On April 7, 2008, approximately 12 police in plainclothes entered the headquarters of the Lambda Istanbul Cultural Center, which defends the rights of lesbian, gay, bisexual, and transgender (LGBT) people. Their warrant cited suspicion that Lambda “facilitates prostitution, acts as a go-between [and] provides a place for [prostitution],” criminalized under Article 227 of Turkey’s Penal Code. The raid took place 10 days before an April 17 court hearing in a case against Lambda Istanbul brought by the Istanbul Governor’s Office, accusing the group of violating Turkish “moral values and its family structure.”
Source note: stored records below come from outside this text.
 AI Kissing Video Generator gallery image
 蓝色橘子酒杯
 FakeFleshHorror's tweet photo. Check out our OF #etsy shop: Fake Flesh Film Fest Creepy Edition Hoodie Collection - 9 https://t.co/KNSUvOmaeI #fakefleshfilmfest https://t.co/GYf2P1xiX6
“What’s really immoral is the Istanbul authorities’ campaign against Lambda Istanbul for protecting the rights of lesbian, gay, bisexual, and transgender people,” said Scott Long, director of the LGBT Rights Program at Human Rights Watch. “The government should reform laws that allow officials to harass groups like Lambda Istanbul in order to guarantee everyone’s human rights.”
After a two-hour search the officers took a list of Lambda Istanbul’s members, along with records of its decisions and other documents. The organization’s property has still not been returned. Lambda Istanbul’s attorney told Human Rights Watch that prosecutors informed him the group had been under surveillance since March 2008.
Lambda Istanbul has suffered harassment by the Turkish authorities since 2007, when the Istanbul Governor’s Office demanded its closure, arguing the name and objectives of the group were offensive to Turkish “moral values and its family structure.” The Prosecutor’s Office rejected the complaint in July 2007, but the governor’s office pursued the case to a higher court. After four hearings, the case is still pending.
Under human rights law, including the European Convention on Human Rights, which applies in Turkey, the Turkish authorities must guarantee freedom of association to all, without discrimination.